• WHAT THE TASK REQUIRES: Transcribe exactly the line with "Estrella Decorativa Rosa" and each line that follows it in the listing, down to the last, omitting all pictures.

• DATA BELOW:
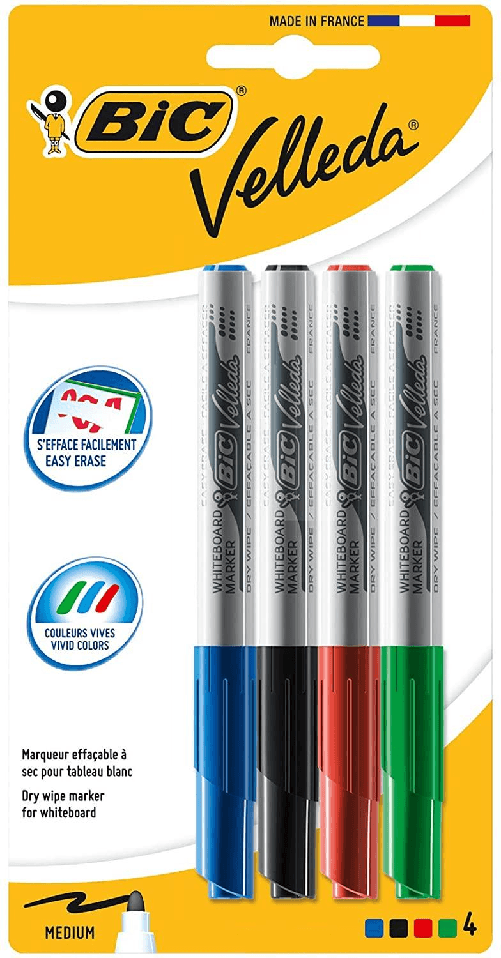 Velleda-BIC-1741-Pacchetto-di-4-marker-in-ardesia---Punta-centrale---ictus-da-14-mm---Cancella-ottimale---Colori-ordina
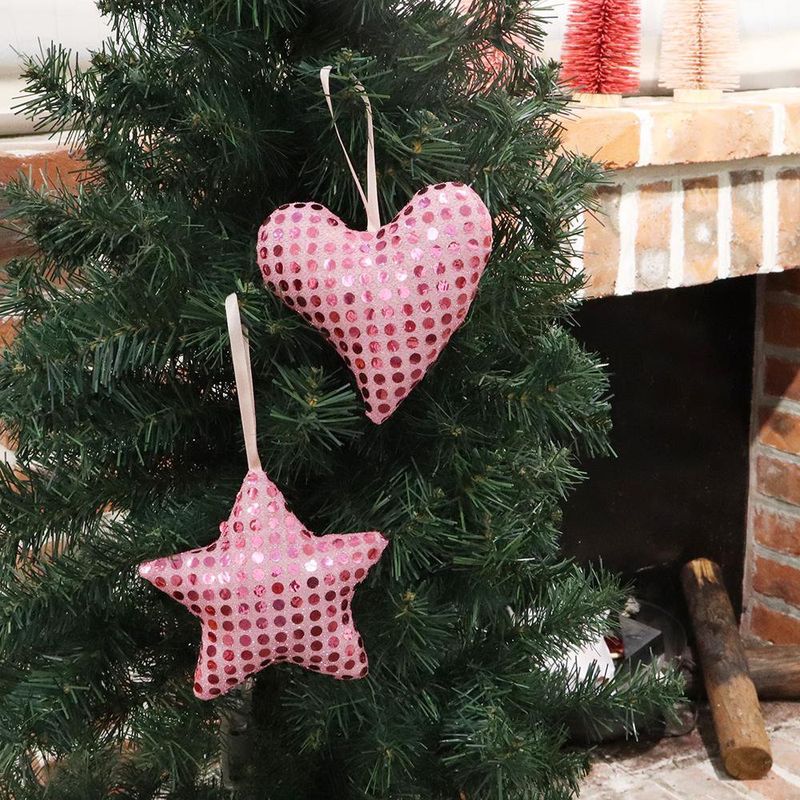 Estrella Decorativa Rosa con Lentejuelas Colgante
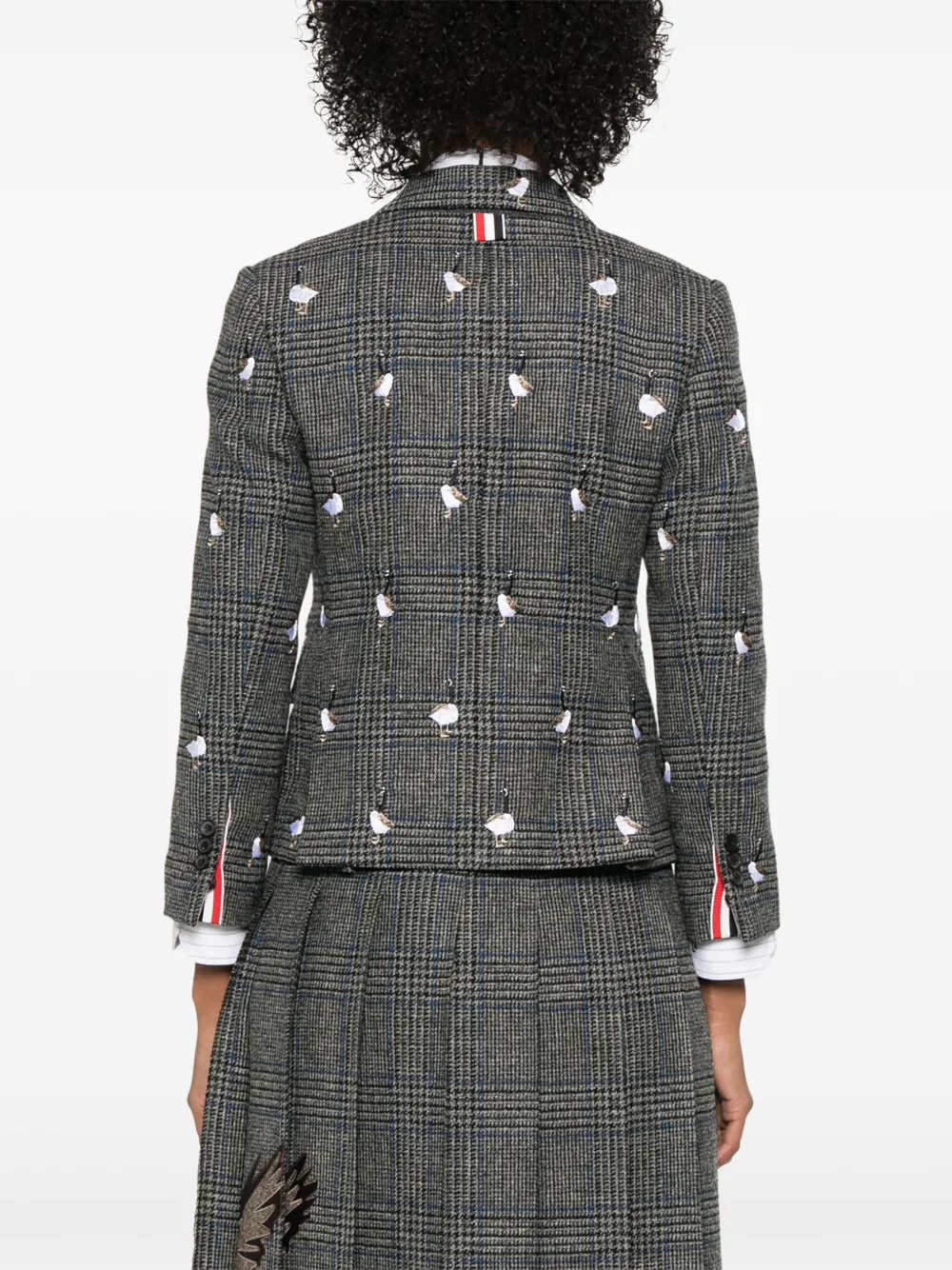 Thom Browne Prince of Wales Hunting tweed blazer Grijs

• OUTPUT OF THE EXERCISE:
 Estrella Decorativa Rosa con Lentejuelas Colgante
 Thom Browne Prince of Wales Hunting tweed blazer Grijs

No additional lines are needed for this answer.